Page 19 of Playing Hard to Hate
GRIFFIN
PRESENT
The supermarket was empty, considering it was a Sunday night.
Most people were either partying at bars and restaurants or chilling at home on their couches.
Not sure why Mom insisted I come for milk and ice cream, but she pushed me out of the house and tried to give me a credit card like I couldn’t afford it.
I filled a shopping cart with enough ice cream to sate a rowdy group of kids, as in I picked at least five different flavors, and then skimmed the other aisles, looking for anything else I might need.
I really didn’t want to go home just yet.
I’d rather still be at the gym with Tatum or anywhere else.
I had a bad feeling about tonight’s dinner.
I’d rather be at a dingy supermarket, pretending that I needed groceries, than having dinner with my parents. How sad and pathetic was that?
My phone buzzed with a text, my smartwatch vibrating with the notification from my mom now asking for chips.

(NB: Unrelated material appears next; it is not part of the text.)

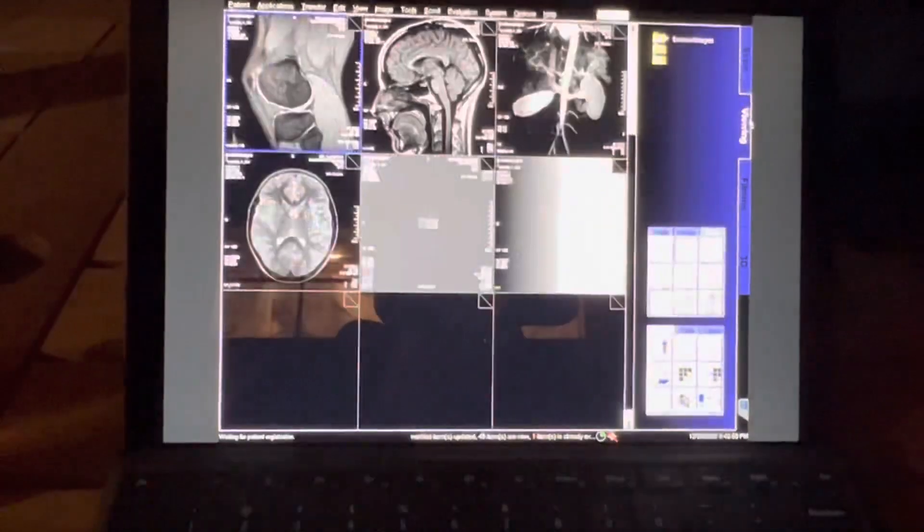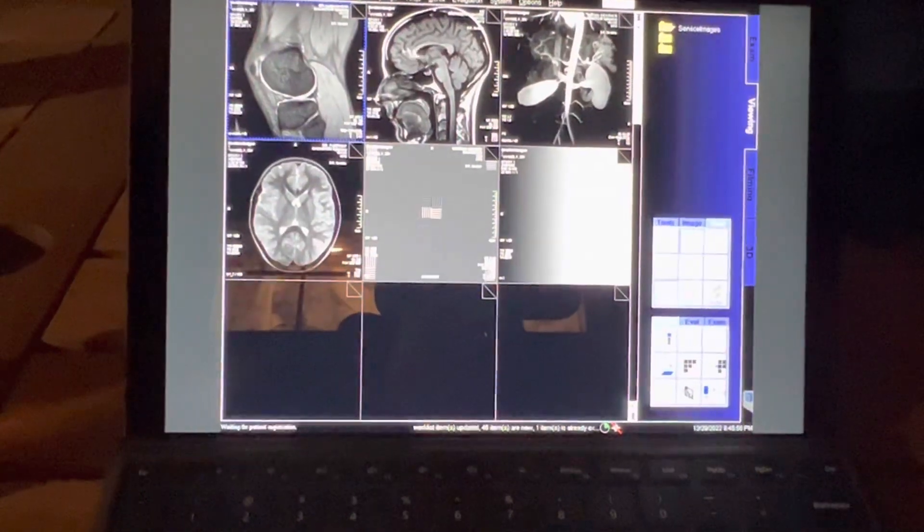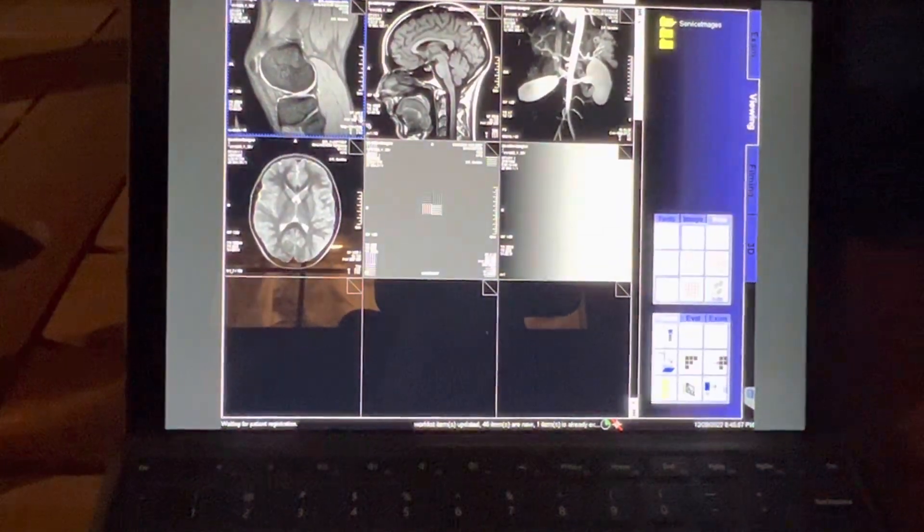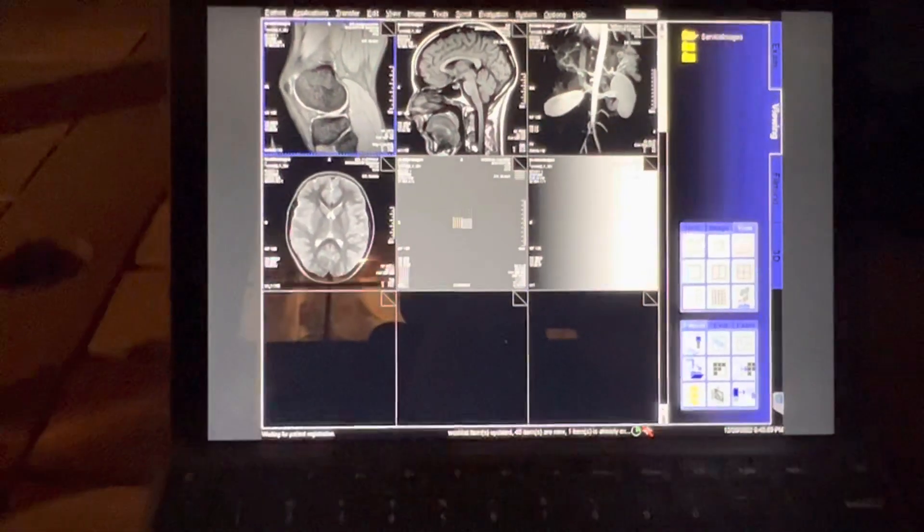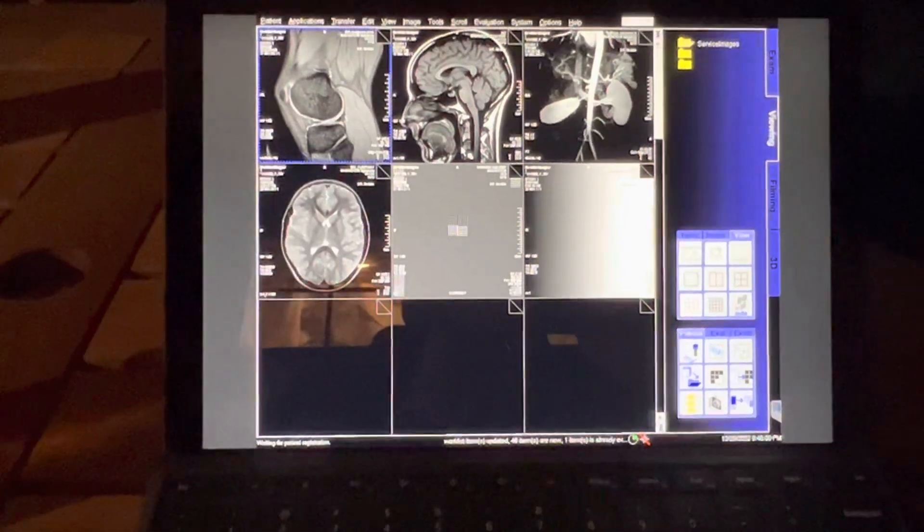So click on the Viewing tab, we can see them all. There you go.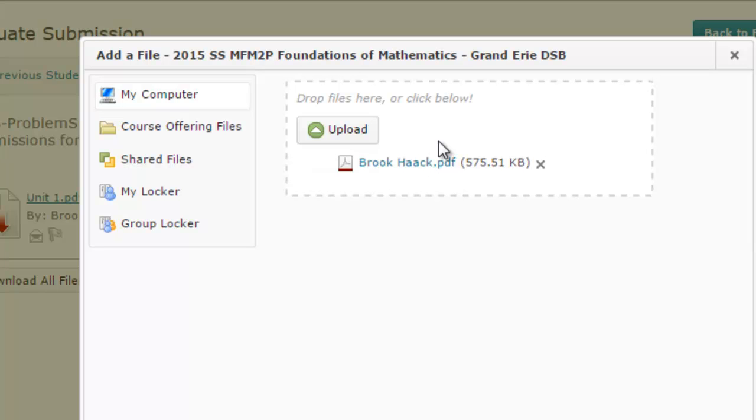And now my students can see all the comments that I've added to his marked work. Hope this has helped. If it hasn't, don't use it. Talk to you later. Bye.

This was so unlike her, but the text read dipping chips. I chuckled and shook my head, heading for the chip aisle to grab her favorite kind. What kind of dinner was this going to be?
I walked past the chips. At the end of the aisle, there was a BOGO offer for protein-packed snacks, so I grabbed cans of two white albacore tuna and two beef sticks, unable to shake Tate from my mind. I was hoping just maybe she would one day ask me if I had anything “healthy” in my condo.
With all the requested party food—chips, ice cream, and carton of milk loaded into the cart—I pushed my cart toward the checkout lanes, but I paused at the commotion before me.
Standing there, her chocolate-brown hair longer than I remembered from the gym and perfect body, toned to perfection, now in a pair of tight black leggings and a soft-looking sweater, was none other than Tatum Grace.
The girl I was severely crushing on stood only a few feet away from me, her body stiff, eyes locked on a masked man dressed in black, pointing a gun straight at her chest.
My heart froze.
The world seemed to hold its breath, as if no one dared to move or even breathe at the scene unfolding before them. Shit like this didn’t happen here, not in our small town.
To have a group of men in masks waving guns around the grocery store was utterly haunting.
I assessed the scene like a fucking predator as I locked eyes with my prey. I wanted to break every bone in his body for not only holding that black piece of metal to her chest, but for the fear and trauma she would later have to deal with.
I’d never been filled with so much rage. All I wanted to do was rip the guy’s face off and destroy him forever for looking at Tatum.
I had to think fast. Her life depended on it.
“You! Come here now.” He crooked a finger at her, beckoning her forward, and she visibly shook, turning her head side to side, looking for help but receiving none.
My hands tightened around the handle of my cart, rage pulsing through me.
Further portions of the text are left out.